Recently I posted on Rob Bell and some of the ways he gets up the noses of many conventional christians. One of the biggest furores was caused by his book, Love Wins, which hinted at universalism – that everyone, regardless of belief now, would turn to God in the next life.
Has universalism got a strong case?
The argument for universalism
On of the best summaries of the case for universalism is Universalism and the Bible by philosopher Keith deRose. He makes the following main points:
Five New Testament passages
Keith draws on the following NT passages: I Corinthians 15:22, Colossians 1:19-20, Romans 5:18, Romans 11:32 and Romans 10:9 read in the light of Philippians 2:11. These passages mostly use the word “all” to describe who God will save – I Corinthians 15:22 is typical:
For as in Adam all die, so also in Christ shall all be made alive.”
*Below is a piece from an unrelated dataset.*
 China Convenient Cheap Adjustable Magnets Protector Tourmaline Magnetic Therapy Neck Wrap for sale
The meaning of “all” and “eternal”
Keith argues, correctly I believe, that “all” means exactly what it says, and “eternal” means “pertaining to an age”, and doesn’t imply everlasting at all. He thus undermines some of the arguments against universalism.
By Jesus alone?
He admits that the NT overwhelmingly teaches that salvation is only possible in Jesus, but argues that it isn’t clear that only those who consciously “accept” Jesus in this life will receive salvation. Thus he argues that all will be saved through Jesus, as 1 Corinthians 5:22 suggests.
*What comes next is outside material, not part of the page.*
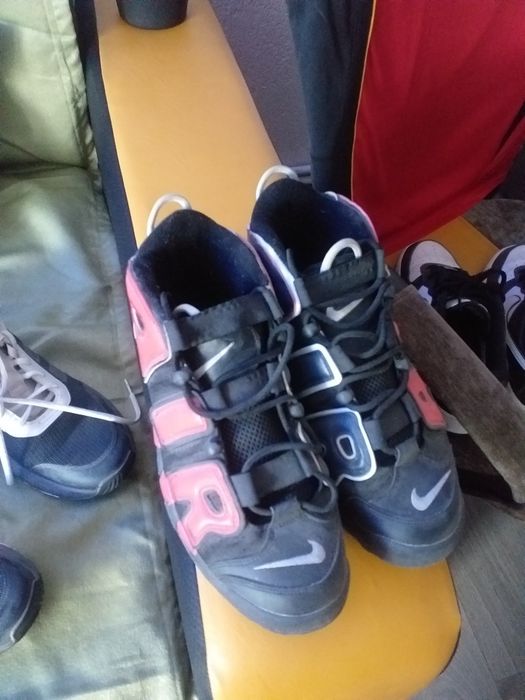 Vand adidași aproape noi  purtați foarte puțin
The problems with universalism
There are many, many verses that warn of punishment in the age to come, especially from Jesus himself (e.g. Matthew 10:28 & 25:41,46). While Jesus doesn’t give unambiguous answers to these questions, and certainly offers hope and grace to all who approached him with humility, his statements condemning the religious leaders of his day are very strong (see Matthew 23).
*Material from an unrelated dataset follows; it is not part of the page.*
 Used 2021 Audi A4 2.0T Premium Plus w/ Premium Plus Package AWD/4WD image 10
It therefore seems we have a stronger case against universalism than in favour, but the matter isn’t clear.
Christianity is changing
Unquestionably, postmodern christians are increasingly uncomfortable with the old “hellfire” teaching of evangelical christianity. In this, I think they are correct. I offer the following positive conclusions:
Hubris vs humility
God has not made all these matters clear, so we should avoid thinking we know the mind of God. Humility and tolerance are needed.
I think if we don’t wish or hope that everyone will be saved, and instead are somehow pleased that God will condemn some people, there is something of God’s love missing.
I remain of the view that Jesus did not teach the conventional view of hell. God allows us to choose him and life in the age to come, or not, but there is no ongoing punishment – see Hell – what does the Bible say?
The grace of God
Whatever our conclusion, we must learn to ensure that God’s grace is not minimised in our teaching and evangelism. Paul didn’t ever mention hell, and the meaning Jesus gave it is not the meaning it has today. So clearly it isn’t necessary or helpful for us to talk about it either.
This post is part of a series on Christianity is changing
Good thoughts, unkleE. So much to think about, and so much we don’t and can’t know on the subject. The more I read and think, the less strongly I feel I need to hold ground on some of these more difficult subjects. Thanks for the post!
I really appreciate your tone and approach on this one. You and I may disagree about a number of things, but I think we’re sympatico when it comes to dogmatism. Saying “this is what I think” is so much better (and truer) than saying “this is the way it is.”
Keith deRose makes many excellent & accurate comments on
“universal-ism”: yes “all means all” & aionios means “relating to the Age (or Ages) to Come”. If you add just one missing NT fact: both zoopoieo in 1 Cor 15:22 (c.f. dikaiosin zoes, Romans 5:18) & sozo in 1 Timothy 2:4 (c.f. v 6 & soter in 1 Tim 4:10) …. refer to “future, universal resurrection for judgment/opportunity” (see John 5:29 c.f. Acts 24:15), & NOT to “universal-ism”.
I agree that universalism is not clearly taught in scripture, but universalism makes more sense cognatively. I guess I’m not 100% sure what is true, but I am pretty sure what is not.
Thanks for the comments.
Josh: CS Lewis wrote that modern people are less willing than we ought to be to remain in a state of honest doubt, or uncertainty.
Nate, thanks. Yes, we may feel quite psychologically certain, but we shouldn’t confuse that with being factually certain.
AlCo/Gihon: thanks. I think too many people look to the Bible for quite precise information on the questions we are asking, but the writers quite possibly were thinking differently to us.
I think what you describe is a pretty good place to be. I think God can cope with our doubts and uncertainties far more than our arrogance and certainty. We can see this in the life of Jesus, who helped a man who said “I believe, but help my unbelief”, but was very critical of the religious leaders who “knew it all”.
We need to be ready and wiling to trust the revelation God gives us through the Bible and the Spirit, but we also have to be willing to consider that the way we have interpreted and understood God may be in serious need of correction.
The challenge, I think, is to stay open enough to be humble and teachable, but faithful and confident enough to follow Jesus in our day-to-day lives.